Press Release: Dual Credit Access for High School Students Unequal, Research Says

by OCCRL / Oct 31, 2013

(Champaign, Ill.) – Research released today that examines high schools’ dual credit participation rates shows that high school students’ access to college-level credit, called dual credit or dual enrollment, partially depends on the high school they attend.

The study was released in a brief by Illinois Education Research Council (IERC) at Southern Illinois University at Edwardsville and conducted jointly by Dr. Eric Lichtenberger from IERC and Dr. Jason Taylor, a researcher from the Office of Community College Research and Leadership at the University of Illinois at Urbana-Champaign.

“It is important to understand which high schools offer students accelerated options via dual credit and dual enrollment because the accumulating evidence shows that when students participate in these accelerated options, they have increased access to college and decreased time to degree completion,” Taylor said.

Taylor said the researchers aimed to determine differences in high schools’ dual credit participation rates and determine how high school characteristics were related to schools’ dual credit participation rates

In order to do this, Taylor said the researchers conducted the study using a longitudinal database that included one complete Illinois public high school graduating class in 2003. Dual credit participation was tracked throughout high school enrollment, though most of it occurred during the junior and senior years.

The study found that high school dual credit participation rates ranged from 0 percent to 88 percent and that students’ access to dual credit is partially dependent on a high school’s geographic location and the composition of the student body, Lichtenberger said.

“High schools in towns or rural areas, as well as high schools in the central and southern parts of Illinois, had higher dual credit participation rates relative to other areas, namely Chicago” Lichtenberger said.

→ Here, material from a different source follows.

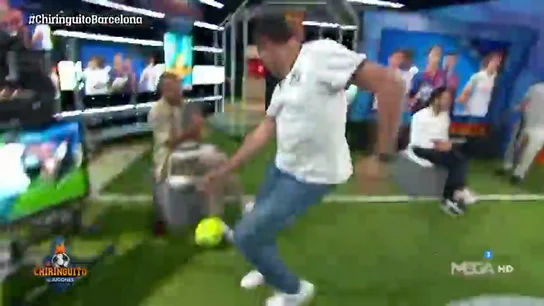 El baile de Tomás Roncero en la cara de Cristóbal Soria en 'El Chiringuito': "... siete, ocho, ¡Mambo!" El baile de Tomás Roncero en la cara de Cristóbal Soria en 'El Chiringuito': "... siete, ocho, ¡Mambo!"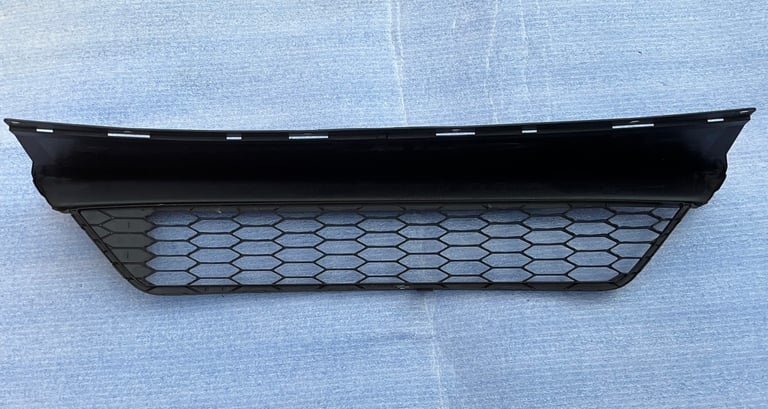 GENUINE HONDA JAZZ FRONT BUMPER LOWER RADIATOR GRILL 15-19 71102-TAR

The study concluded that high schools with the largest share of students participating in dual credit tended to excel on other measures of academic performance, in addition to measures of student attendance and graduation. The researchers also found that schools with higher rates of dual credit participation had larger proportions of white students and smaller proportions of low-income students.

“It is important to recognize these results are descriptive and we are pursuing additional inferential analyses with these data. We also know that dual credit participation in Illinois has expanded dramatically since 2003, so we are planning an analysis with more recent data,” Taylor said. “Nevertheless, these data suggest there are large inequities in students access to college courses.”

Taylor and Lichtenberger will be presenting these results at the Lt. Governor’s Scaling Up: Effective Practices in Higher Education Conference in Normal on October 31.